Letzte Umarmungen und Küsse werden ausgetauscht, weiße Taschentücher geschwenkt. Während die Zurückbleibenden mit ihrer Trauer kämpfen, mischen sich bei denen, die mit Martha Hüner an Bord gegangen sind, Hoffnung und freudige Erwartung ins Durcheinander der Gefühle. Mit tränenumflorten Blick auf den Neuen Hafen sagen die Auswanderer der Heimat Lebewohl. In ihren Köpfen werden die Bilder an der Columbuskaje, der schlanke Backstein-Leuchtturm und später die sich weitende Weser mit dem imposanten großen Bruder "Roter Sand" für immer als Erinnerungsorte ins Gedächtnis eingegraben sein.
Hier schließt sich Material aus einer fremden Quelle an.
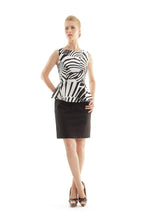 Load image into Gallery viewer, Zebra Print Peplum Dress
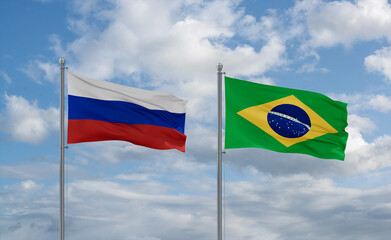 Russia and Brazil flags, country relationship concept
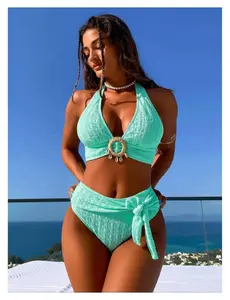 Mint Green Bikini Set - Halter Swimsuit for Women, High Waisted Two Piece Bathing Suit, Textured Fabric, Stretchy & Comfortable, Summer Beach Pool Swimwear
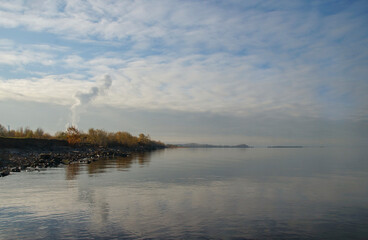 Photo of the coast of the Kanonersky Island in autumn, St. Petersburg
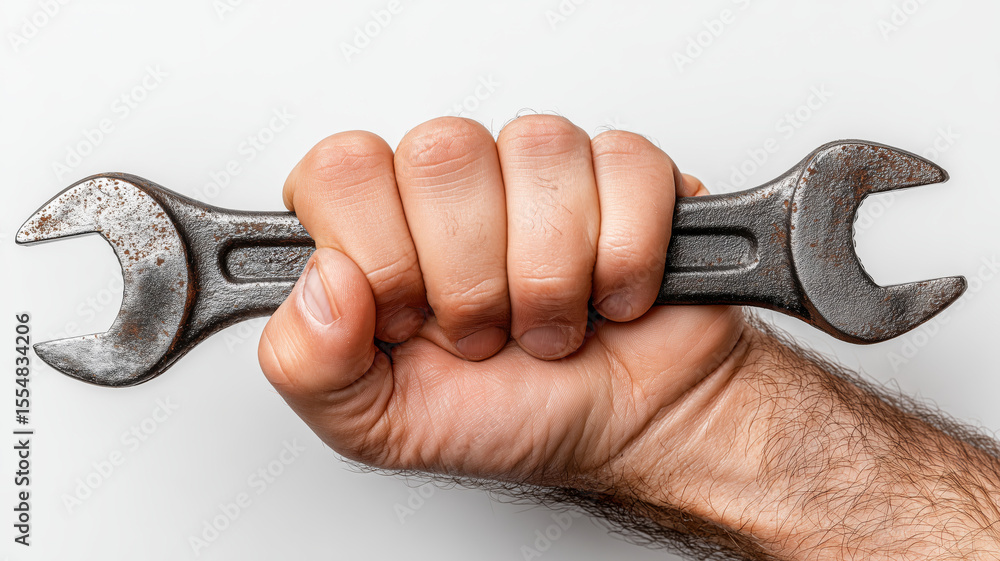 Poster hand gripping a sturdy wrench tool with determination and strength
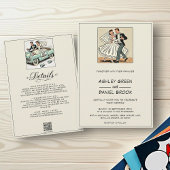 Romantische Whimsical Bride Groom 50er Comic Hochz Einladung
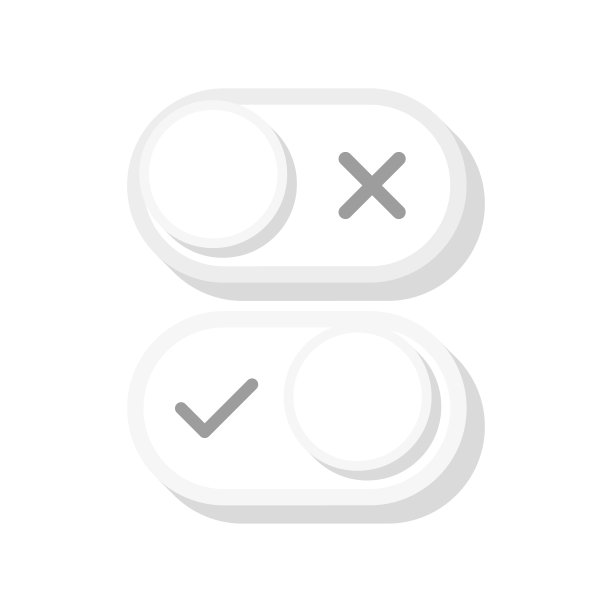 Ok和No拨动开关按钮。现代3D平面风格。向量图片下载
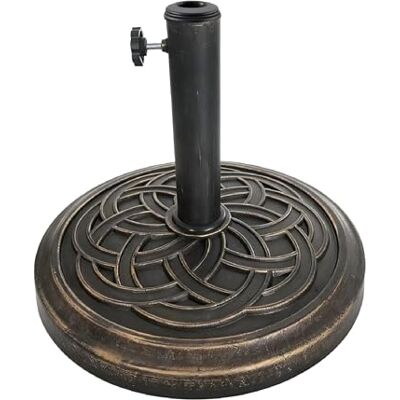 Relaxdays Base para Parasol, para Varillas 34–48 mm, Ø 45 cm, Vintage, Negro/Bronce Relaxdays Base para Parasol, para Varillas 34–48 mm, Ø 45 cm, Vintage, Negro/Bronce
So wie Martha Hüner traten mehr als sieben Millionen Auswanderer zwischen 1830 und 1974 von Bremerhaven aus die Schiffspassage in die USA, nach Kanada, Brasilien, Argentinien und Australien an. Dort, wo sie Europa verließen und sich einst die Lagerhallen befanden, steht seit 2005 das Deutsche Auswandererhaus.
Die Besucher des Museums werden eingeladen, Geschichte mit allen Facetten des äußeren Scheins und sämtlichen Gefühlen nachzuerleben. Sie begleiten Auswanderer auf ihrem Weg in die ungewisse Zukunft. Beginnend mit dem Abschied, stehen sie selbst in einer rekonstruierten kahlen Wartehalle der Reederei Norddeutsche Lloyd, drängen sich mit täuschend echt gestalteten Figurengruppen vor der respekteinflößend düsteren Bordwand des Schnelldampfers "Lahn", ringen auf dem schwankenden Boden des Schiffs um Halt und laufen durch das niedrige, enge Zwischendeck während der Überfahrt. Bei der Ankunft in Amerika werden sie in die "eisernen Käfige" der Einwandererstation Ellis Island vor Manhattan entlassen. 16,5 Millionen Menschen passierten die zur Quarantänestation ausgebaute Insel vor der Stadt. Nach einer medizinischen Untersuchung und einer Befragung durch Inspektoren entschied sich dort, wer einreisen durfte und wer zurückgeschickt wurde.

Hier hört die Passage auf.